図3Bでは、第1要素A及び第2要素Bは、ポール4のハンドル40に、グローブ1に、それぞれ一体化されている。
図3Cでは、第1要素Aは、ポール4のハンドル40に一体化され、第2要素Bは、グローブ1に装着されたストラップ2(またはシース)に支持されている。
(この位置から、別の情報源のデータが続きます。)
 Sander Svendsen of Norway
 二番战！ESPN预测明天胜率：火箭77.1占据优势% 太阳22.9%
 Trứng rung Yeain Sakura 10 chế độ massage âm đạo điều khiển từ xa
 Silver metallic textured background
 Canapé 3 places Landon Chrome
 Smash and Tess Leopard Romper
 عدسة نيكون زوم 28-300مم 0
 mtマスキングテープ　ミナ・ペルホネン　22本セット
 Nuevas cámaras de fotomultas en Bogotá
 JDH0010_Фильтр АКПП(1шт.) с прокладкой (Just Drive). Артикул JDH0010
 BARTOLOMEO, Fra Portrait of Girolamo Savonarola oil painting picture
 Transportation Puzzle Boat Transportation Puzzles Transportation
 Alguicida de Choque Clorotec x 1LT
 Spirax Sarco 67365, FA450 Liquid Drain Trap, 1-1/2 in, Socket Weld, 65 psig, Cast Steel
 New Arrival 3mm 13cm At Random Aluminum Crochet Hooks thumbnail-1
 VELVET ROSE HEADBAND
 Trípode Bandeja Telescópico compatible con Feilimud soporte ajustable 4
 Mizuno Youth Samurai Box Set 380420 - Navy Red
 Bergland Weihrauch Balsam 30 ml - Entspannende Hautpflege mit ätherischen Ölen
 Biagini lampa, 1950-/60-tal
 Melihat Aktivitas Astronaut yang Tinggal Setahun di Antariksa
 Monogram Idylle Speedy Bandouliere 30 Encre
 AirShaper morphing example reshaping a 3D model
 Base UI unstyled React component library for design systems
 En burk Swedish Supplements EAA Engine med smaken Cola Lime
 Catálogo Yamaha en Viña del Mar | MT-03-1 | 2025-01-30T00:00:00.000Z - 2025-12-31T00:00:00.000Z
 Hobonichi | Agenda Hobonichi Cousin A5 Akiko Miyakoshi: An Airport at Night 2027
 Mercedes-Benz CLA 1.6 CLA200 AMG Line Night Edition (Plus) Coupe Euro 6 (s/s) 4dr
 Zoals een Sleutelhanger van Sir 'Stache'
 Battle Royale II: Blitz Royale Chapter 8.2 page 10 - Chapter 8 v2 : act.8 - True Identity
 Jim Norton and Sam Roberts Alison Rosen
図3Dでは、第1要素Aは、ポール4のハンドル40の周りに適用され得るストラップ3によって支持され、第2要素Bは、グローブ1に装着されたストラップ2(またはシース)によって支持されている。
【0021】
また、上述された実施形態によれば、本発明に係る装置は、当初から一体化された要素A,Bと一緒に提供されていないポール及び/又はグローブの事例において実施され得る。
【0022】
更に、本発明に係る装置が、ポールの補助を用いるウィンタースポーツではない歩行タイプのために使用される事例では、手を覆うストラップによって支持された第2要素Bの形態の装置に使用することが可能であり、
図3C及び
図3Dに示されたものと全く同様のやり方で(グローブ1上のストラップ2)、ユーザの手に直接着用され得る(図示されていない)。
【0023】
本発明に係る装置の基本的な特徴によれば、ユーザの手とポール4との間の連結は、機械的な拘束を生み出す追加要素(ひもまたは留め金のような密着要素)の補助なく、単に、第1要素Aと第2要素Bとの間で発揮された磁力に起因して実現される。この特徴の結果、本発明に係る装置は極めて簡単な構造で、ユーザの手とポールとの間の効率的なグリップを提供する。
【0024】
2つの要素A,B(
図5)の接触によって提供された磁力の強度は、ユーザの年齢に応じて調整される。成人男性のための例では、0℃において、それぞれの永久磁石のために、8.34kgfの吸着力が適切であるとみなす。
【0025】
上述されたように、グローブ及びポールの両方に永久磁石を提供する必要はなく、実際には、有効な連結を得るために必要な磁力は、一側(ポールまたはグローブ)だけに適用された永久磁石と、他側に適用された強磁性の性質を伴う材料との間で適用される。更に、有効な拘束を達成するための磁力の強度を修正するために、同じ側(グローブ及び/又はポール)に複数の永久磁石/強磁性物質を結合することもできる。
【0026】
図4Bに示される本発明の他の好ましい特徴によれば、2つの磁気連結要素A,Bは、相互接触のために配置された平らな前面を有する。また、例えば、立方体の形態で作られ永久磁石は、上述されたように、グローブ及び/又はポールに互いに結合されることができる。
【0027】
本発明に係る装置の上記の構造の結果、磁気連結要素A,Bに加えて他の要素の補助なくポール4のハンドル40への即時かつ有効な連結を得ることができる。同時に、ハンドル40の第1要素Aの配置、及び、親指と人さし指との間におけるグローブ1の第2要素Bの配置の結果、装置の磁力は、落下の場合に、自発的または無意識の両方で、ポール4からユーザの手が離れ易くするために、過度ではない。第2磁気連結要素2が親指と人さし指との間のエリアに相当するユーザの手のひらに配置されているという事実の結果、ユーザの手の一部は、第1要素Aと第2要素Bとの間で発揮された磁気引力に対して自由であり、その結果、さらにポール4を維持することによって(例えば、雪の中にそれを指すことによって)、ユーザの手は、回転移動を発揮することによって、磁気引力からそれ自体を自由にすることができる。
【0028】
図7および
図8は、本発明の特に有利な実施形態を示し、第1要素Aは、グローブに装着されたストラップ/シース2によって、又は、ユーザのグローブによって直接、支持された磁気要素Bに効果的に連結され得るように、第1要素Aは、ポールのハンドル40内で一体化され、ユーザによって握られることが可能なポール部分の外面近くに配置される。ハンドル40の中に第1磁気要素Aの挿入を可能とするために、ハンドル40は、その中及びキャップの内部に要素Aを受け入れるために配置された中空部分を含み、ハンドル40の上部に相当する部分は、上記の中空部分の近くに配置される。
【0029】
さらに、再び、
図7及び
図8を参照し、ハンドル40は、実質的に平らな面を有する垂直壁61及び前記垂直壁61に対して実質的に90度で配置された水平壁60を有する溝部6を含む。ハンドル40中に一体化されている要素Aの実施形態では、要素Aは、溝部6に隣接して、具体的には、垂直壁61に隣接して配置される。
【0030】
ハンドル40中の磁気連結要素Aの配置の結果、磁気吸着力の持続時間は、ハンドル40の外に配置された要素Aの場合に対してかなりに増加する。
【0031】
更に、溝部6は、ポールとユーザの手との間の連結を改善することを可能とし、この溝部がないハンドルと比較してより高い摩擦を得られる。摩擦及び磁気連結力は、ユーザの手と装置との間の極めて有効な連結を引き起こす。
【0032】
また、第1磁気連結要素Aの近くに配置された溝部6の垂直壁61(
図8)は、例えば、ユーザがこのスキーリフトシステムの使用している間、ポールがスキーリフトシステム(チェア-リフト、ケーブルカー、または、スキー-リフト)の金属要素に取り付けられることを可能とする。
【0033】
本発明の他の特性によれば、第3の磁気連結要素C(例えば、強磁性の性質を有するステッカー)は、第1要素Aが第3要素Cに連結されることができるように、(スキーのために使用される本発明に係る装置の事例において)ユーザのスキー板5のそれぞれに結合される。
【0034】
上記の構造の結果、本発明に係る装置は、シンプルであり、機能的であり、信頼でき、低生産コストである。
【0035】
また、製造された装置は、それらの製造時に磁気要素を含まないグローブ及びポールと同様に、磁気要素を収容するために当初から設計されたグローブ及びポールの両方が実施され得るので、高い多用途性を有する。
【0036】
当然ながら、本発明の原理を損なうことなく、構造の詳細および実施形態は、本発明の範囲から逸脱することなく、単に例として説明および示されたものから大きく変化してよい。